WHAT TO PRODUCE: Every line of the material is to be transcribed verbatim, with images omitted.
** DATA BELOW follows **
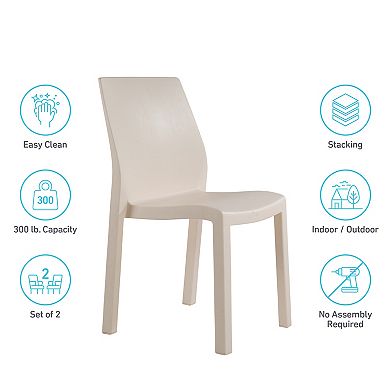 WRG Home Palma Modern Outdoor / Indoor Stacking Patio Dining Chairs 2-piece Set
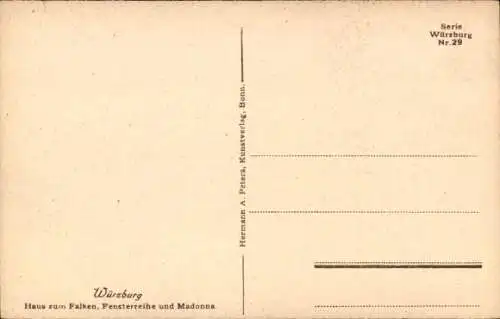 Ak Würzburg am Main Unterfranken, Haus zum Falken, Fensterreihe, Madonna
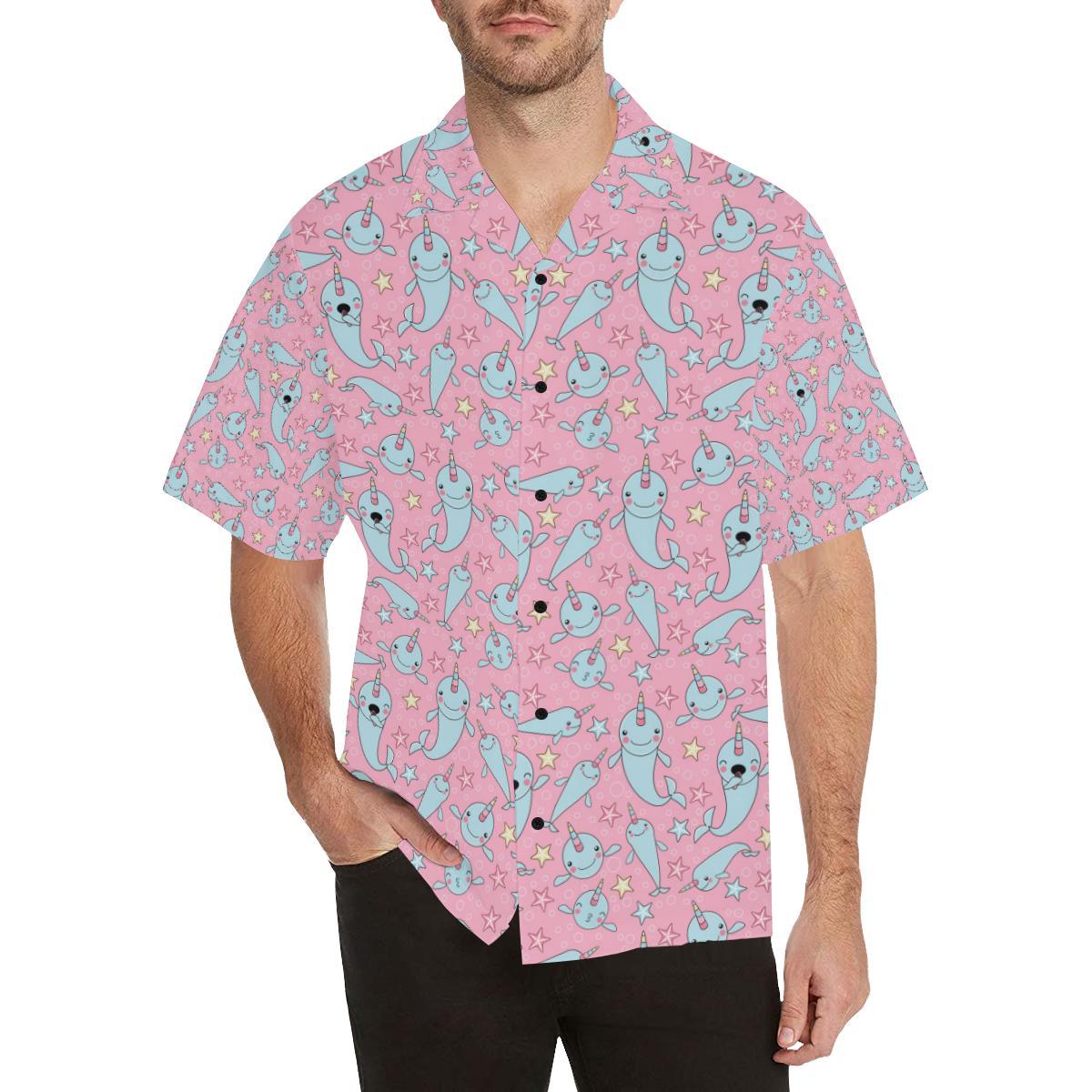 Narwhal Cartoon Cute Print Men Aloha Hawaiian Shirt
** End of DATA BELOW **
TASK RESULT:
 WRG Home Palma Modern Outdoor / Indoor Stacking Patio Dining Chairs 2-piece Set
 Ak Würzburg am Main Unterfranken, Haus zum Falken, Fensterreihe, Madonna
 Narwhal Cartoon Cute Print Men Aloha Hawaiian Shirt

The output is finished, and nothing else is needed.